Then of course, I’m listening to one of these “deal to the lowest common denominator then add 2 points of intelligence” syndicated talk radio hosts who’s got a guest talking about this subject. To set the stage, the previous topic he discussed was a videoclip on YouTube of a person using both hands to shave his head while driving and whether there should be a law against such a thing, which he caps up with the likes of “there should be an anti-moronification law against such morons.”

To be fair, the stance he and his guest take is targeted at most people who inexplicably (to me, anyway) have no clue that there *is* an (easy) alternative to MS on the PC, besides the Mac, which he rightfully puts in a class of its own. And, Linux *is* mentioned as an available alternative, but “it’s pretty much for the gearheads”.

Here’s what I sent him, I was so riled up:


Forget Ontario hair-shaving idiots making the roads less safe, I wonder about those on the radio who say linux is for “gearheads”.

I suppose I’m a gearhead, I do indeed like computers for their own sake beyond the day to day usefulness they present.

However I’ve been using various versions of linux for the past several years on my PC and take great pleasure in overwriting any existing MS format on any new computer I get — over the past three years, that’s about 5 computers, formatted a few times over on some. Some are older and more archaic than the netbooks your piece mentioned, let alone today’s top of the line desktops, and I’ve been using them for desktop uses, not server applications. On them are full OS’s that are not stripped down — unless, of course, I were to have chosen one of the minimalist versions — and interestingly are not all that slow.

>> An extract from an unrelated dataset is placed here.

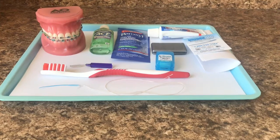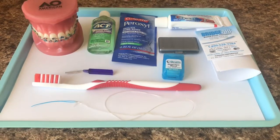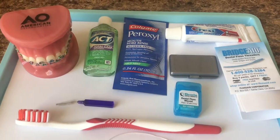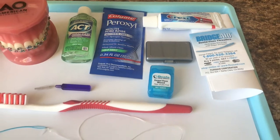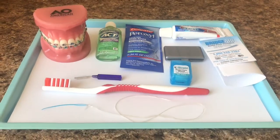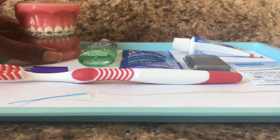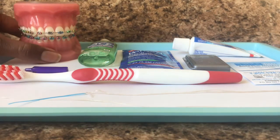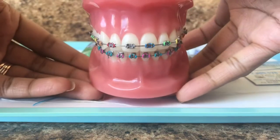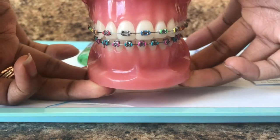So before patients leave after getting their braces at their bonding appointment, we do give them a bunch of goodies and a water bottle, and here is everything that will be enclosed in the water bottle. We will go over every item with the patient and show them how to use each item. We use this typodont that I have here in order to demonstrate how to use each item.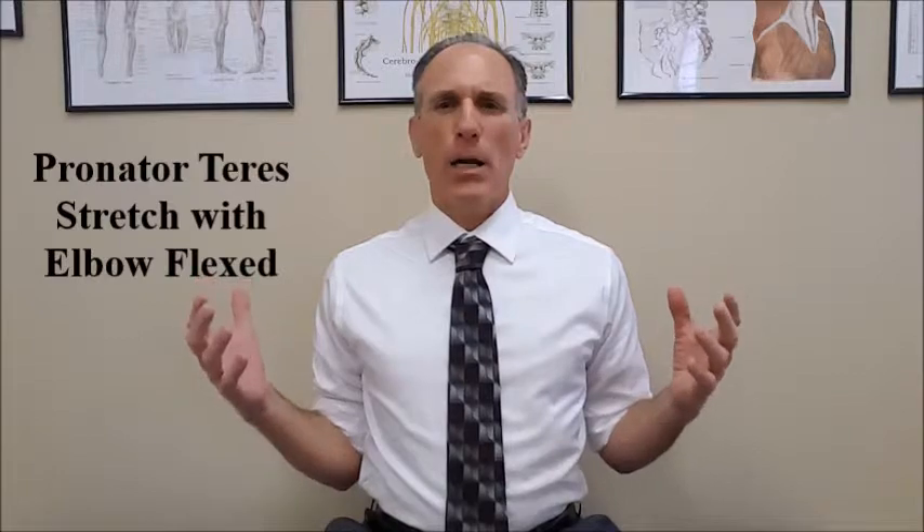We want our patients seated or standing in good posture. You want to make sure that the shoulders are not rolled forward and that the scapulas are not retracted. We just want them in a good posture. The elbow is flexed and held slightly forward of the body.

There are several versions which are geared toward the “average” user. Most of the more common versions can do all of the day to day uses that were mentioned in your piece and are on par with — sometimes superior to — MS. I use a version that is a cross between the “gearhead” market and day to day usage. I recommend to newcomers Ubuntu, which I do not use. Virtually all users of MS however would be able to use Ubuntu, available at ubuntu.com, with no difficulty, and it is the most popular of the linux versions and is not aimed at the “gearheads”.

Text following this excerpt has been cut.